Community awareness, resistance and persistence pays off
By Summit Voice
SUMMIT COUNTY — Persistence has paid of for residents of Colorado North Fork Valley. After citizens organized and marshaled their facts on a errant proposal to lease lands for oil and gas development, the Bureau of Land Management decided to defer the leases at least until the agency updates an overall management plan for the area.
The proposal drew howls of outrage from the rural area, where many residents say booming tourism and agriculture are the key to economic sustainability. Opposition to the plan was widespread in Paonia, Hotchkiss and Crawford.
In addition to formal objections from local governments and area businesses, farmers, ranchers, and food producers raised concerns about threats to the area’s rich agricultural heritage. Residents said the outcome shows that when communities stand and work together, citizens have an impact.
“The BLM made a good decision,” said Paonia Mayor Neal Schwieterman. “I am proud of my community and I am grateful that the BLM listened to what we had to say.”
Local businesses, from real estate brokers to restaurants and guest ranches raised concerns about the impacts oil and gas development would have on the local economy.

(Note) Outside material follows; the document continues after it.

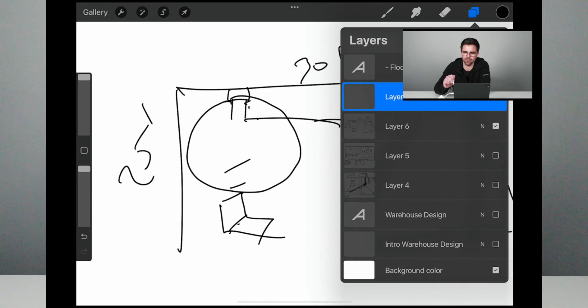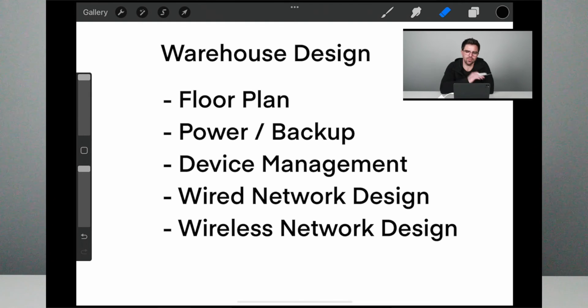We covered a lot related to wireless: placement, the triangular pattern of how you'd place APs, and the differences between antenna types — omnidirectional versus patch antenna. For the overall series recap on warehouse design: we covered the floor plan, power and backup with UPS considerations, device management, wired network design, and wireless network design. If anything in this video made you want to know more, leave a comment. Make sure you like and subscribe so you get all of our content as we release it. Thanks for watching.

“We appreciate that the agency carefully considered what the citizens were telling it. I also think all of us in the real estate business are glad to pass this good news along to our prospective buyers,” said Bob Lario, owner of ReMAX Mountain West Real Estate in Paonia.
“Thank you first must go to the incredible community of the North Fork and to the restaurants and chefs and people in the Roaring Fork and beyond who understand that quality is important,” said Landon Deane, a Colorado legacy rancher. “We can all rest a bit easier now knowing that our food and water will stay clean and safe, and our valley will stay intact.”
The North Fork ‘brand’ is becoming increasingly known, as something unique, worth protecting, and marketable. Agriculture in the North Fork unites a century-old tradition with new and emerging trends and markets, and the changing value placed in high-quality, carefully produced food.
Growing numbers of visitors come to the North Fork as part of Colorado’s ‘agritourism’ industry. The North Fork is designated as American Viticultural Area — one of only two in Colorado. Twelve wineries in the area account for $2 million annually in direct sales and an additional $5 to 10 million in indirect sales.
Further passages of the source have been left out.